§ **Input data**
──────
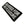 Load image into Gallery viewer, Bearded For Her Pleasure Patch - PATCHERS Iron on Patch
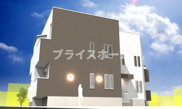 Grandtic K&Y 井尻　★プライスホームならHPに全物件の初期費用掲載中です！★の画像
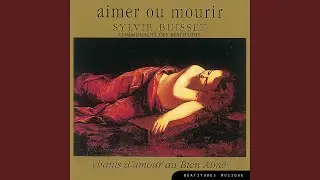 Un chant d'amour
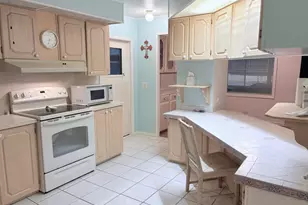 37010 Exuma Bay, Boynton Beach, FL 33436 - Photo 3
──────
§ **Exercise brief**
Without the pictures, write out all of the material exactly.

§ **Your solution**
 Load image into Gallery viewer, Bearded For Her Pleasure Patch - PATCHERS Iron on Patch
 Grandtic K&Y 井尻　★プライスホームならHPに全物件の初期費用掲載中です！★の画像
 Un chant d'amour
 37010 Exuma Bay, Boynton Beach, FL 33436 - Photo 3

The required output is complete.